Stored entries
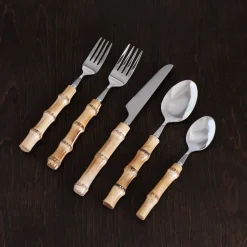 VIDA Bamboo Stainless Flatware II Set of 5 (Silver and Natural)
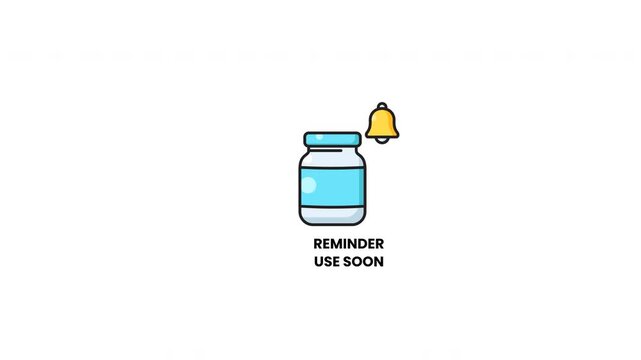 Blue glass bottle bell icon for urgent medical alert. Suitable for health care notifications, emergency services, medical apps, and website icons.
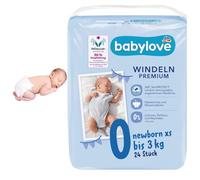 babylove Pañales premium extra suaves, talla XS, recién nacido hasta 3 kg, 1 x 24 unidades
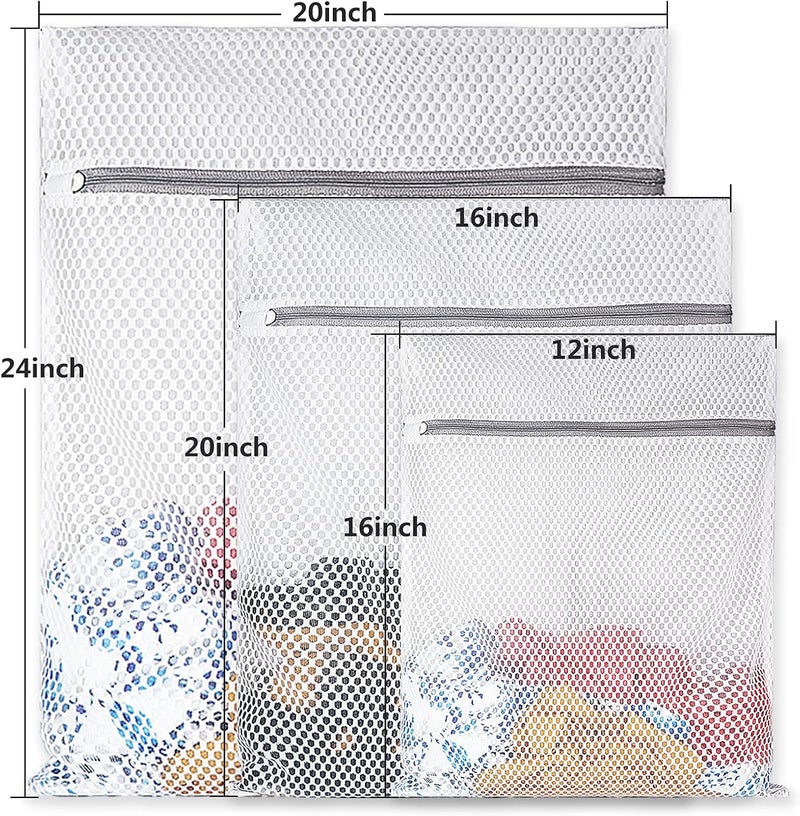 SUERIV 5Pcs Durable Honeycomb Mesh Laundry Bags for Delicates,Travel Organization Bag for Clothes,Jeans,Bath Towels,Bed Sheets (1X-Large 20 x 24 Inches,2 Large 16 x 20 Inches, 2 Medium 12 x 16 Inches) - Image 2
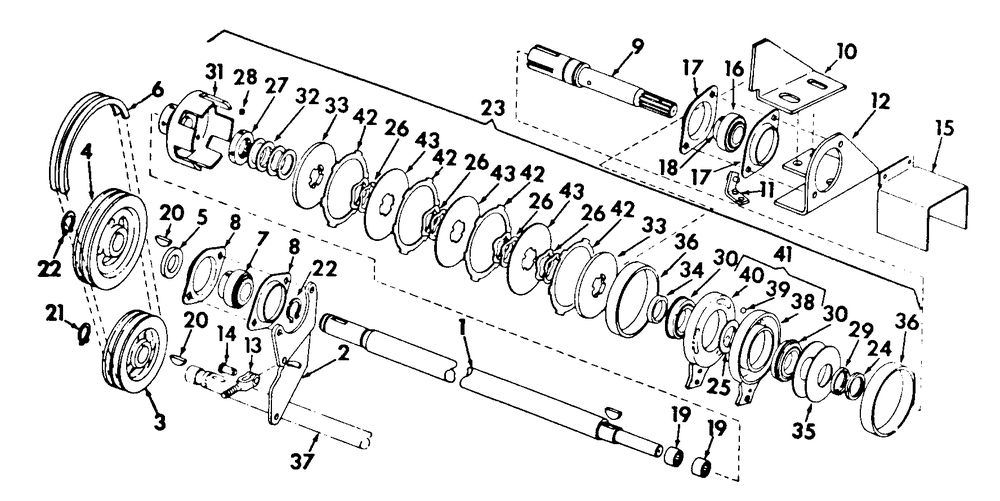Indep. Power Take-Off, Cub 154 Lo-Boy Tr. (S/N 18708 And Below) Diagram and Parts List for CUB154  Cub Cadet Lawn Tractor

Problem details
Retype, word for word, the line containing "Blue glass bottle" and each line after it through the end of the data, leaving any picture out.

Answer to the exercise
 Blue glass bottle bell icon for urgent medical alert. Suitable for health care notifications, emergency services, medical apps, and website icons.
 babylove Pañales premium extra suaves, talla XS, recién nacido hasta 3 kg, 1 x 24 unidades
 SUERIV 5Pcs Durable Honeycomb Mesh Laundry Bags for Delicates,Travel Organization Bag for Clothes,Jeans,Bath Towels,Bed Sheets (1X-Large 20 x 24 Inches,2 Large 16 x 20 Inches, 2 Medium 12 x 16 Inches) - Image 2
Indep. Power Take-Off, Cub 154 Lo-Boy Tr. (S/N 18708 And Below) Diagram and Parts List for CUB154  Cub Cadet Lawn Tractor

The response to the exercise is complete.